• [TASK TO COMPLETE]
Restate word for word the lines below that run from the one holding "Üsküdar Belediye Başkan" through the one holding "Set bracciale orecchini", inclusive. Pictures don't belong in the copy.

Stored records

+ + + + + + +

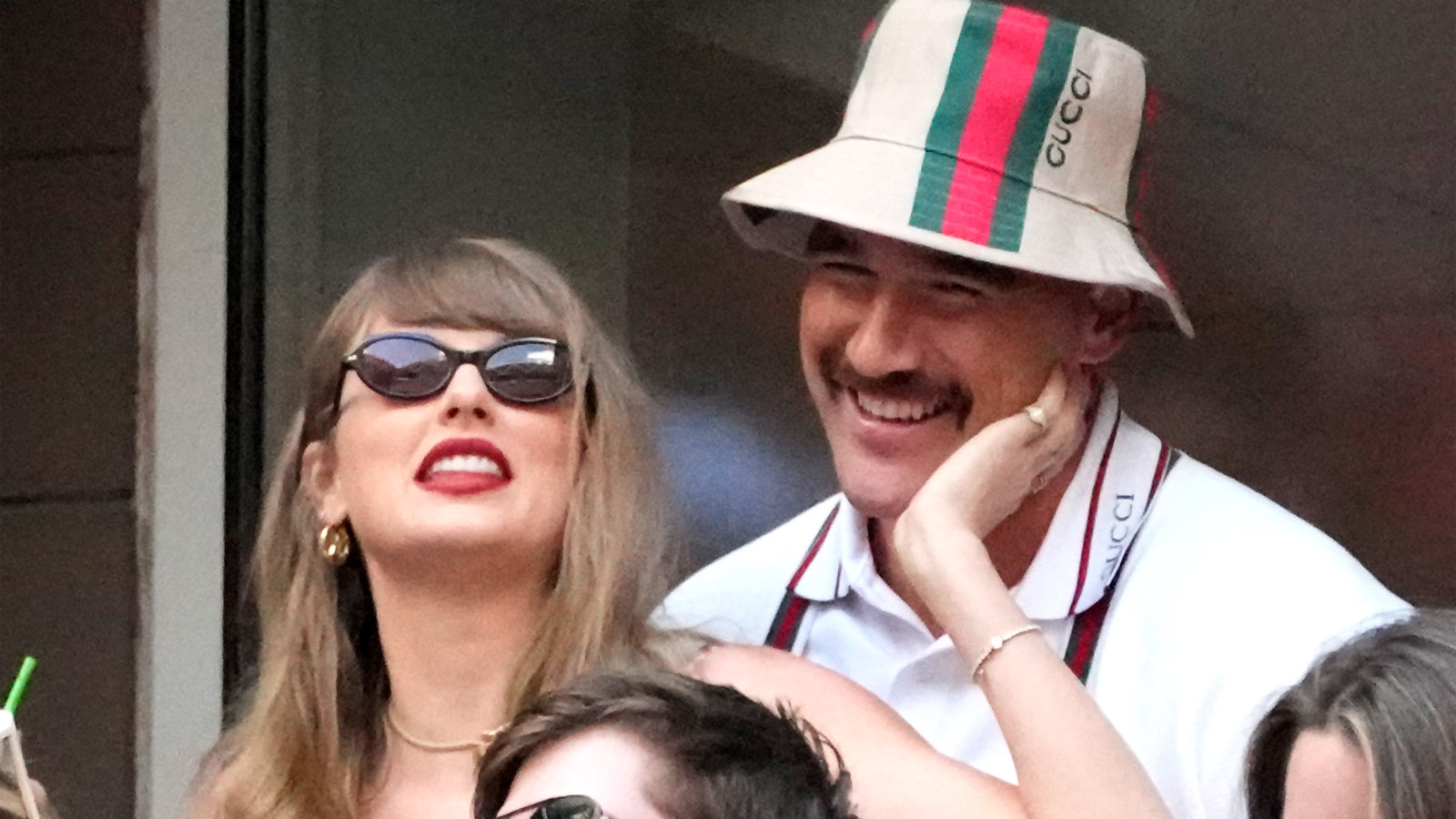 Man Charged With Jumping Fence, Trying To Serve Taylor Swift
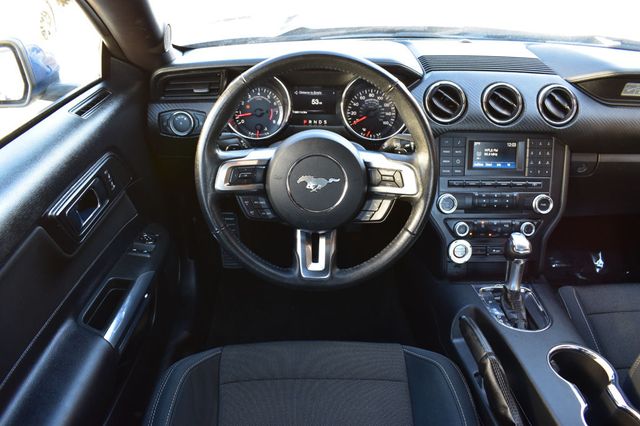 2017 Ford Mustang V6 Fastback - 22975077 - 24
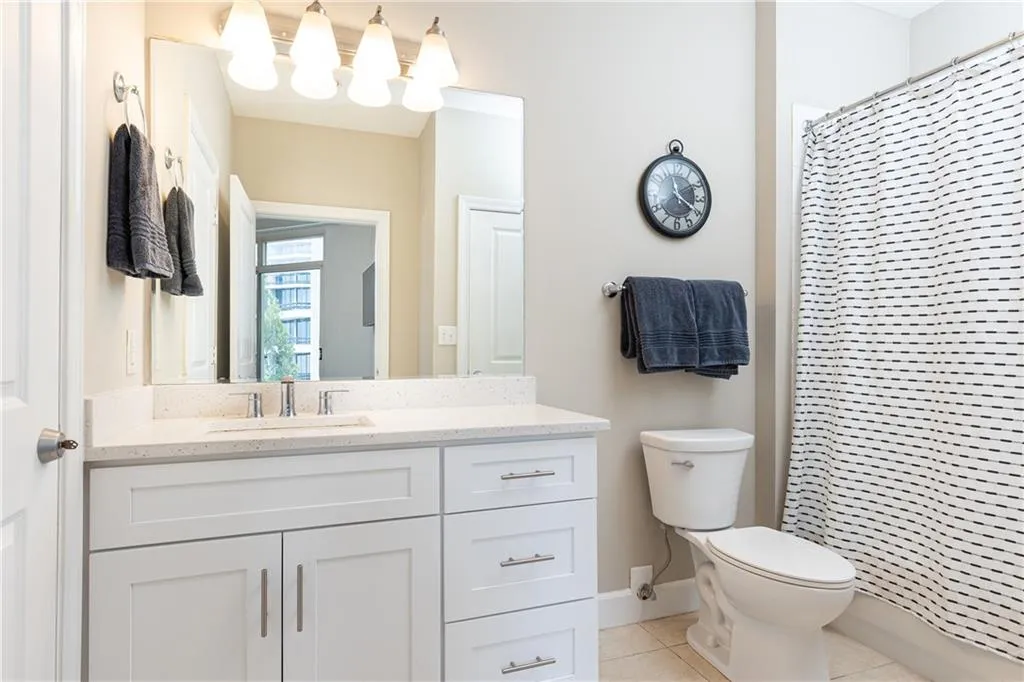 2626 Peachtree Road Nw Unit 706, Atlanta, Georgia 30305, 1 Bedroom Bedrooms, ,1 BathroomBathrooms,Residential,For Sale,2626 Peachtree Road Nw Unit 706,7642714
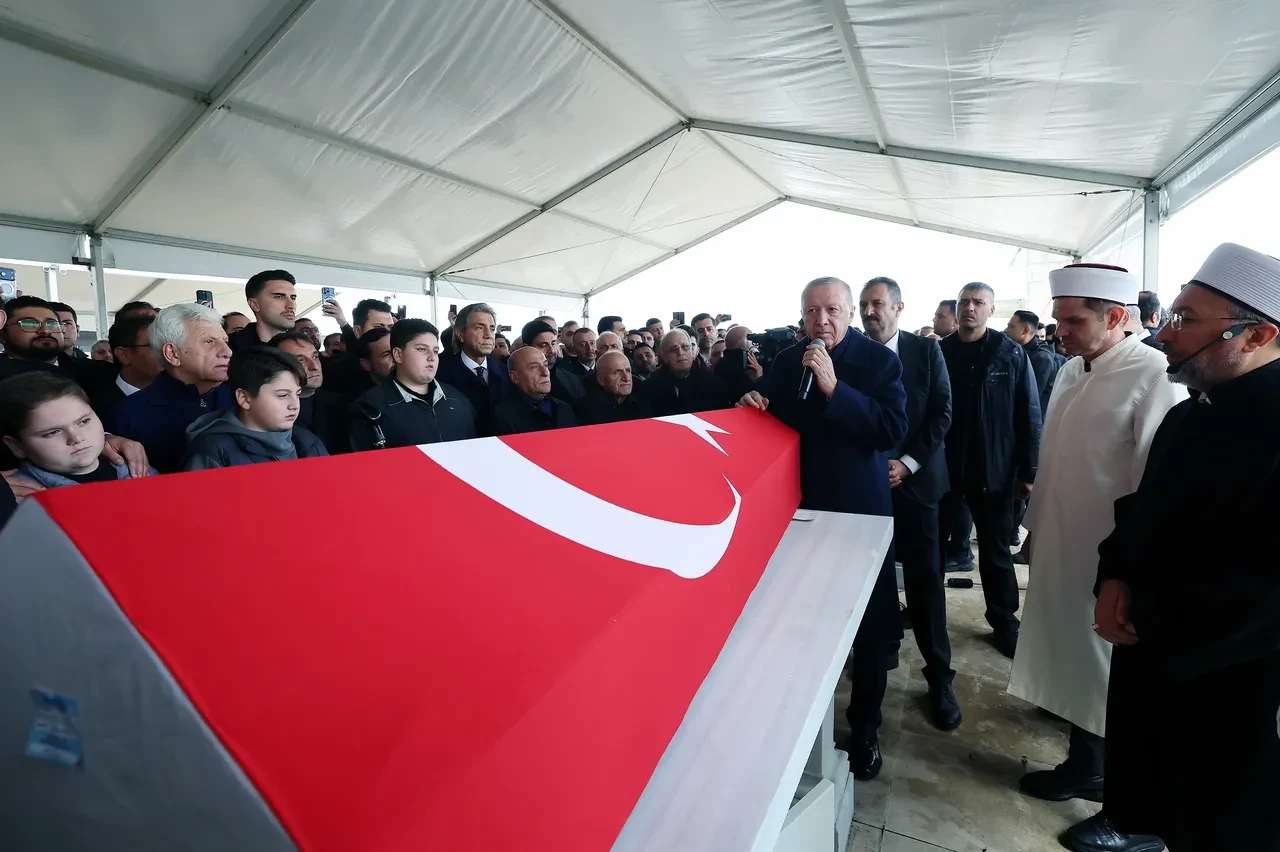 Üsküdar Belediye Başkan Vekili Dündar Ziya Gültekin'e veda! Cumhurbaşkanı Erdoğan, çocukların ellerini bırakmadı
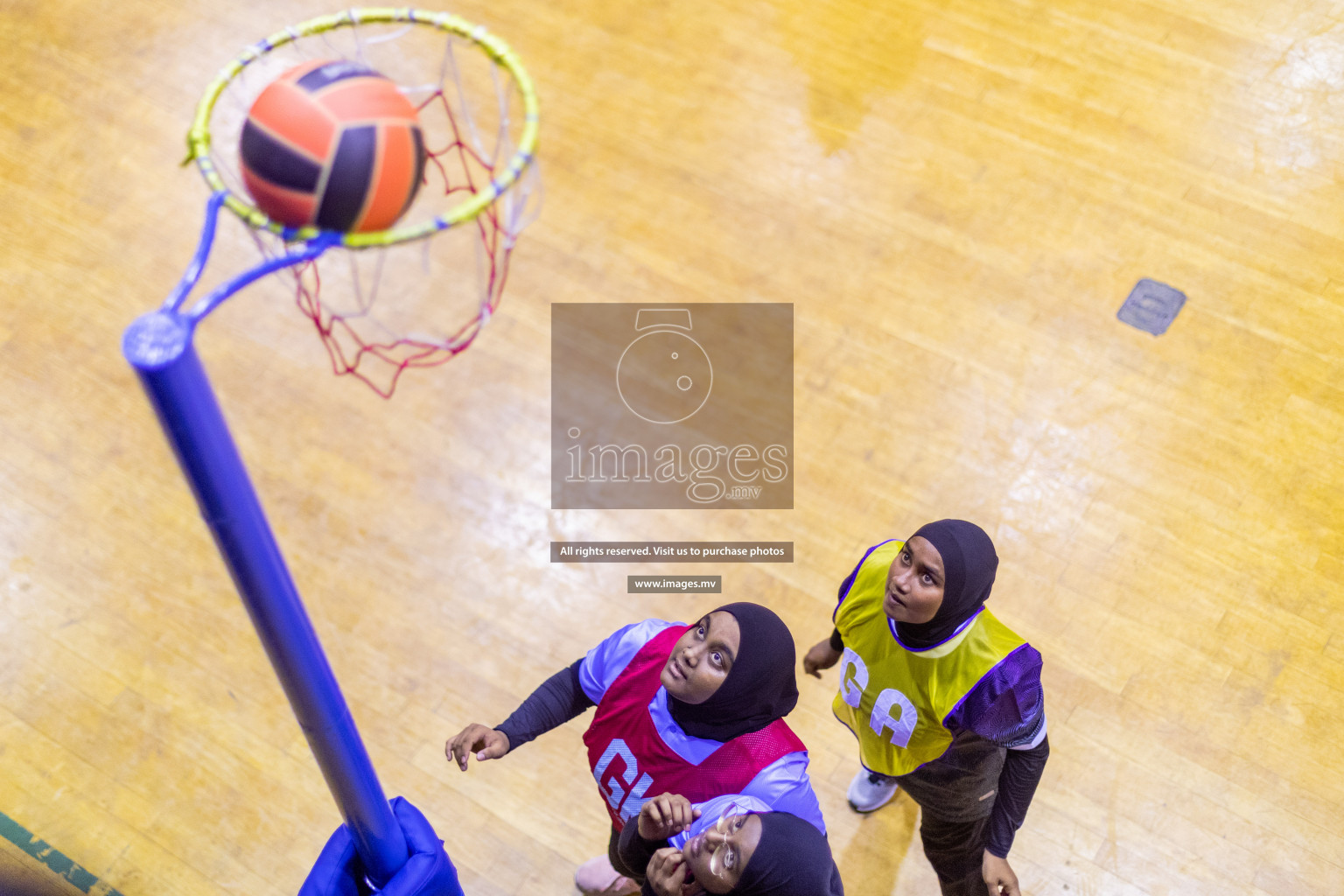 Sports Club Skylark vs Vyansa in the Milo National Netball Tournament 2022 on 17 July 2022, held in Social Center, Male', Maldives. 
Photographer: Hassan Simah / Images.mv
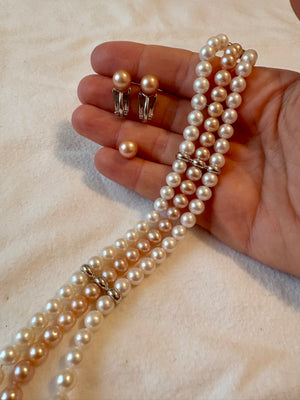 Set bracciale orecchini e spilla di acqua dolce 
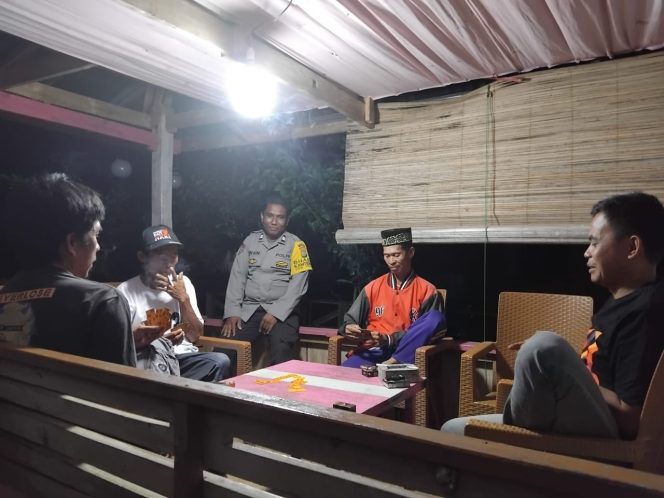 
 Bhabinlamtibmas Polsek Ponre laksanakan pembinaan terhadap satkamling didesa Binaannya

+ + + + + + +

• [EXERCISE RESPONSE]
 Üsküdar Belediye Başkan Vekili Dündar Ziya Gültekin'e veda! Cumhurbaşkanı Erdoğan, çocukların ellerini bırakmadı
 Sports Club Skylark vs Vyansa in the Milo National Netball Tournament 2022 on 17 July 2022, held in Social Center, Male', Maldives. 
Photographer: Hassan Simah / Images.mv
 Set bracciale orecchini e spilla di acqua dolce 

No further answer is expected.